“Six boys, blind from birth, were washing the father’s elephant. The one who washed the tail concluded that the elephant resembled a rope. Another who washed his legs said that the elephant was similar to four columns. The third son pointed out: “You are both wrong. The elephant is similar to two fans that swing back and forth “. He had washed its ears. Another observed: “Not at all! The elephant is like a solid wall”. He had washed the sides of the animal. The fifth son, who had washed his fangs, was convinced that the elephant was a pair of bones. Finally, the last of the blind boys said: “I really have to tell you that you are all wrong. The elephant is like a big snake “. He had washed his trunk.

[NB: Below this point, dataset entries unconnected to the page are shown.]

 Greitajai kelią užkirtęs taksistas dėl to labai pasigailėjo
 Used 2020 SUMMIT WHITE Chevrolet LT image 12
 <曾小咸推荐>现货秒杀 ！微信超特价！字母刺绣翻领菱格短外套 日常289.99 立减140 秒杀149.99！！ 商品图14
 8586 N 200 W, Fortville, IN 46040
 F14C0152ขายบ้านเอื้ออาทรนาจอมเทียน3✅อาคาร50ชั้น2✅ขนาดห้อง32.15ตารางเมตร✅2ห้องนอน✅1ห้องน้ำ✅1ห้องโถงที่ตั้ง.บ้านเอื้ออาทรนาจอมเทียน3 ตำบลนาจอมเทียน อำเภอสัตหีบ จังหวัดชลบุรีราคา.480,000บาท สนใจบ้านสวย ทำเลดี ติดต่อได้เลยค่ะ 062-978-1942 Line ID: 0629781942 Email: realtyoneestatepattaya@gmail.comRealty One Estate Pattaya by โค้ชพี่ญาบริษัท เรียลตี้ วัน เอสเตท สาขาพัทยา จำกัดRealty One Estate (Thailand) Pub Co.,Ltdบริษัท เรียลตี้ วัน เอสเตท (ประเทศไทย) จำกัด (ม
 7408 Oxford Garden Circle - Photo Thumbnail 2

The discussion of the boys continued animatedly, certainly as it was each to know the truth about the elephant. The father saw the children fighting and asked why. After explaining it to him, they asked for his judgment: “Who among us is right?” The father replied: “My dear children, you are all right and all are wrong. The elephant is similar not to one, but to all the various things you have described. You have not taken into account that each of them is only a part of the whole elephant ”. Sri Daya Mata, “Only Love”

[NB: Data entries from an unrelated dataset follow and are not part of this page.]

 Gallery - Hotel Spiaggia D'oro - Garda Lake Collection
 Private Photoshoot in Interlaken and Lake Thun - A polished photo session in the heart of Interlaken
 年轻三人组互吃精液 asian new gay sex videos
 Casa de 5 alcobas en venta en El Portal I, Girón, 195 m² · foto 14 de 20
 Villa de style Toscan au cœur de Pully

The short story above helps me introduce an important concept every leader should take care of: the “systemic view”. This is one of the most strategic views every leader should enhance in order to succeed in the working environment and not only.

Sometimes people prefer being stuck in their own point of view, instead of putting themselves under discussion and looking for a wider picture. Those people are often resistant in joining others perspectives and in internalizing different knowledge dimensions too.

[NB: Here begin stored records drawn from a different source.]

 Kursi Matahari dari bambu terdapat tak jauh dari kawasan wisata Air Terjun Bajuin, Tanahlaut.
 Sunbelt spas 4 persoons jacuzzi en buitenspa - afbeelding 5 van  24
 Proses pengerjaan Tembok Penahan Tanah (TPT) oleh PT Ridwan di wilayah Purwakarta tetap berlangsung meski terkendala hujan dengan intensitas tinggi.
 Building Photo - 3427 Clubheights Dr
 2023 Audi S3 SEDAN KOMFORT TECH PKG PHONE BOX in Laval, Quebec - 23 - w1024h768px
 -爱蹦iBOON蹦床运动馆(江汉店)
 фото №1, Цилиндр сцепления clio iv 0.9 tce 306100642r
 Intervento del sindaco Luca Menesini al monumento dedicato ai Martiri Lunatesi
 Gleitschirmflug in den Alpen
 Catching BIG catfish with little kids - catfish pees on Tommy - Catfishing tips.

Due to these limits, they risk to have a restricted vision and, consequently, they can take wrong decisions. This is the reason why they are often evaluated as bad leaders. They are keener to push what they think, than understanding what the reality (and the best solution) is.

A systemic view is the view that all systems are composed of interrelated subsystems. A whole is not just the sum of the parts, but the system itself can be explained only as a totality. The systemic view is, then, the opposite of reductionism, that views the total as the sum of its individual parts. In the traditional organization theory, the subsystems have been studied separately, with a view to putting the parts together into a whole at some later point. The systemic view emphasizes that this is not possible and that the starting point has to be the total system.

I definitely agree with this approach, always starting from the “macro” and, then, arriving to the “micro”.

An effective systemic view transcends the perspectives of individuals, integrating them on a common ‘system’. The systemic view also gives primacy to the interrelationships, rather than to the elements of a system. New properties of the system emerge right from these dynamic interrelationships.

This is exactly what should happen in an organization and how leaders should take decisions on its growth.

Take care of your systemic view. It is a certain way of looking at yourself, at the environment you live in, at the systems that surround you and at those people and dimensions are part of, in terms of your interactions.

The systemic view is a way of thinking and acting. Practice it every day and it will help enhance your leadership and your career as well!